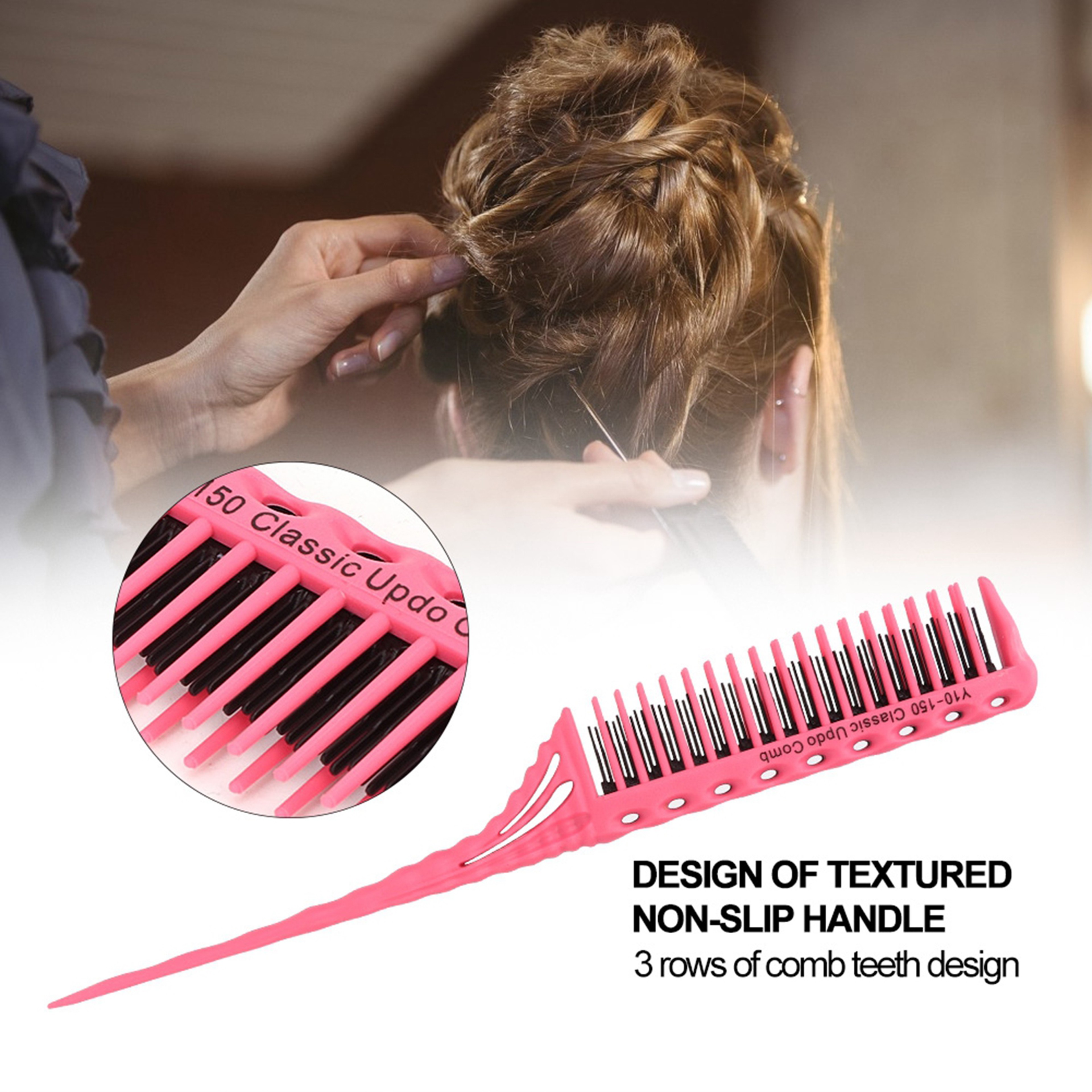 Professional Hair Styling Comb Lightweight Salon Modeling Comb For Precision Styling 2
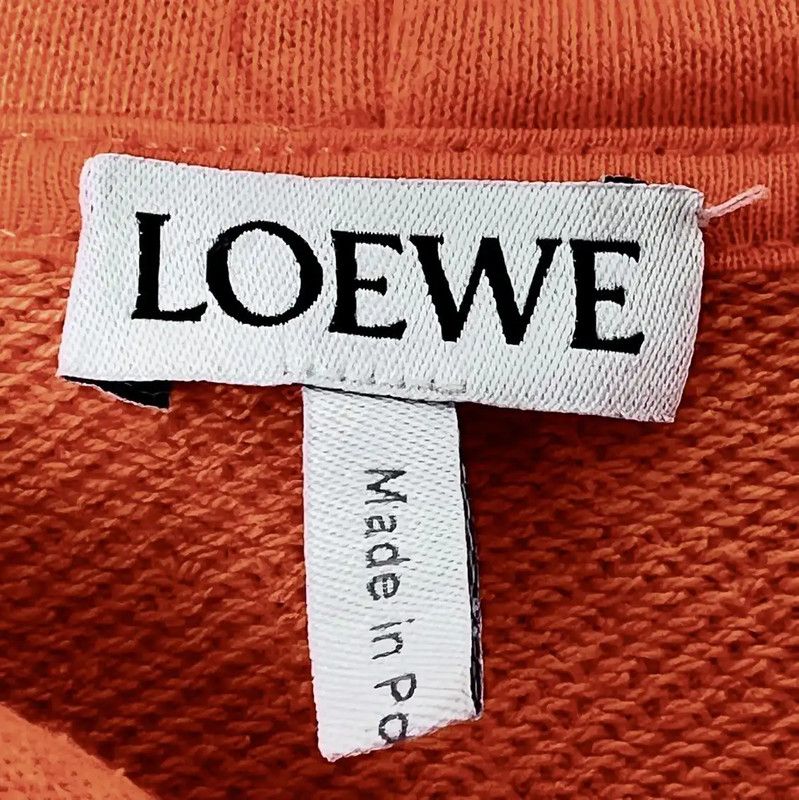 Loewe Loewe Men's Orange Cotton Blend Hoodie 0089 Size US XS / EU 42 / 0 - 4 Thumbnail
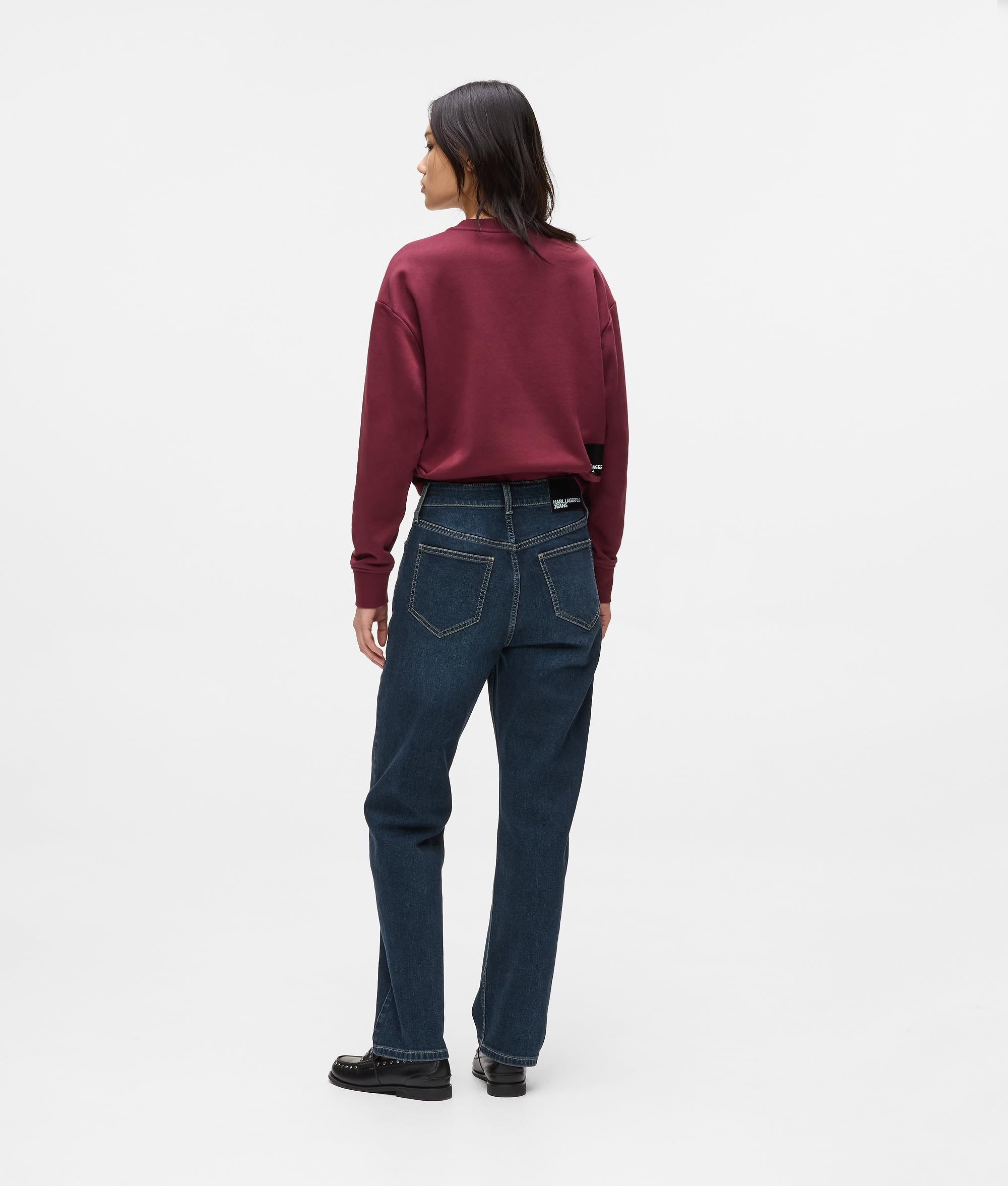 Karl Lagerfeld Jeans, Damskie, High Rise Straight Denim, Prosta Nogawka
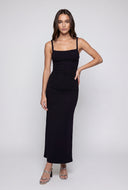 Isabella Twist Strap Maxi Dress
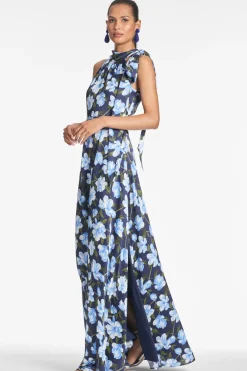 Sachin & Babi Blue|Champagne<Kayla Gown -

● ● ●

▶ _PROBLEM TO SOLVE_
Print only the lines from the line that contains "Isabella Twist Strap Maxi Dress" to the final line of the data, inclusive. Pictures stay out.

▶ _EXERCISE RESULT_
 Isabella Twist Strap Maxi Dress
 Sachin & Babi Blue|Champagne<Kayla Gown -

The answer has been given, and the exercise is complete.